Most of us will have some memory loss as we age. However, for some people, significant memory loss, arising from illnesses such as dementia, can be a problem. When it gets to the point where you are struggling to manage your finances it’s important to put some safeguards in place.
In this Blog we explain how to set up your finances so they can continue to be managed responsibly if you can no longer do this yourself.
Memory loss can make it difficult to stay in control of your money.
Things you found easy before – like tracking your spending, checking your bank statements or investments, or even paying your bills – may become challenging or you may just not remember you need to do them.
You may also find it hard to take in and absorb information from banking staff or your financial adviser or accountant.
All these factors mean you may not be making the best financial decisions or be able to keep up with the regular maintenance of your money. To help recognise the signs of dementia, visit Is it dementia, a resource created by Alzheimer’s Australia.

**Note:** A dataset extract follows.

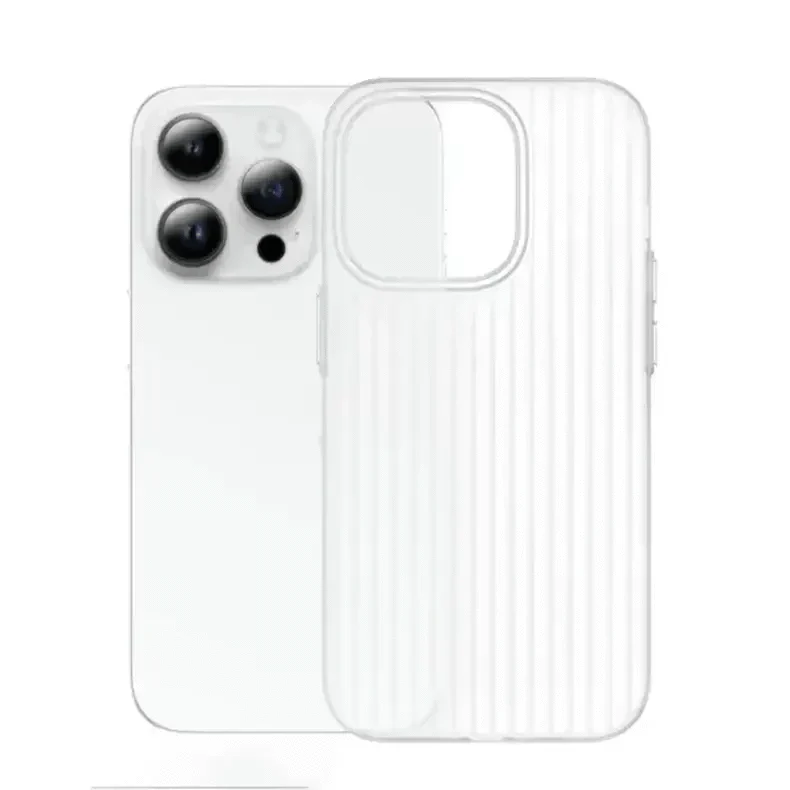 Fluted Texture Magsafe Matte Case for iPhone 15 Pro Max Cases & Covers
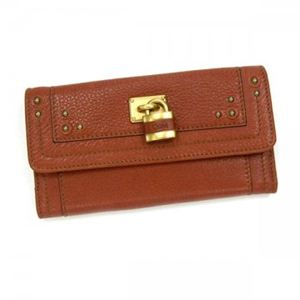 Chloe（クロエ） 長財布 PADDINGTON 8EP042 365 レッド／ブラウン - 拡大画像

Planning for the future is important for everyone, but this is especially true as you age. Although it can be confronting to think about what you want to happen when you can no longer make decisions for yourself, putting a plan in place is the best way to ensure your wishes are carried out. It also relieves your loved ones of the stress of having to make these decisions for you.

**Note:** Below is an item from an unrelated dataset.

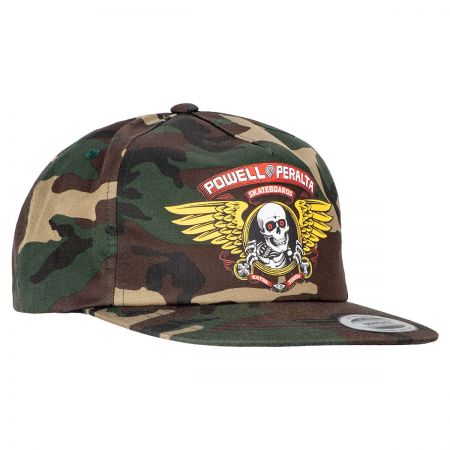 Snapback INDEPENDENT POWELL PERALTA Winged Ripper color camo green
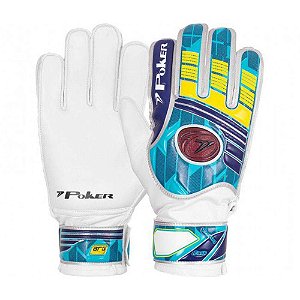 Luva Goleiro Poker Campo Fast Training Azul/Amarelo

To help you stay in control of your money as you age, and make it easier for your loved ones to help you, here are some ways you can simplify your finances:
- Appoint an enduring power of attorney (someone you can trust to look after your affairs)
- Update your will
- Get your super in order
- Sort out your important documents
- Consolidate your transaction accounts into one.

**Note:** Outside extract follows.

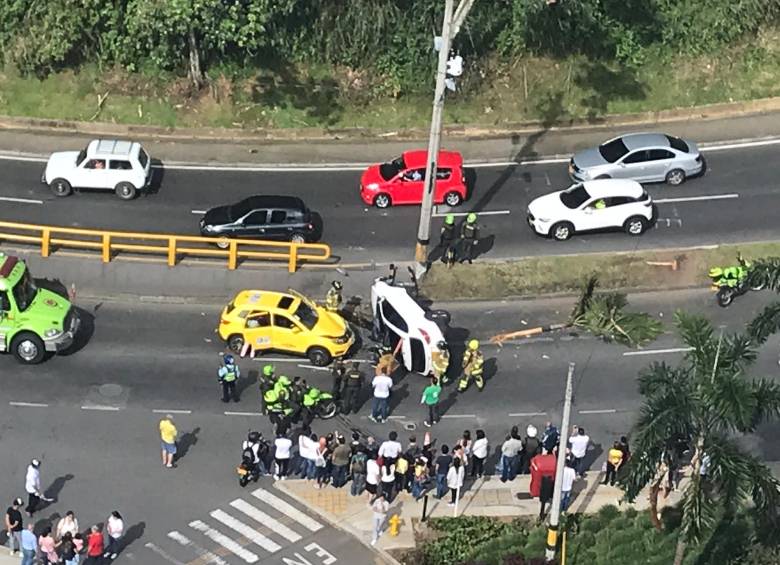 El incidente dejó un lesionado. FOTO CORTESÍA GUARDIANES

- Reduce the number of credit cards and store cards you have.
- Close your cheque account.
- If you have super in more than one account, consolidate them into a single account.
- Put a list on your fridge of what your regular bills are and when they come in (e.g. phone monthly, electricity quarterly, rates annually).
- Put a ‘tick’ beside each bill once you’ve paid it.
- Put unpaid bills on the fridge and take them down when they have been paid.
- Consider whether you would like to set up direct debits to pay some of your bills.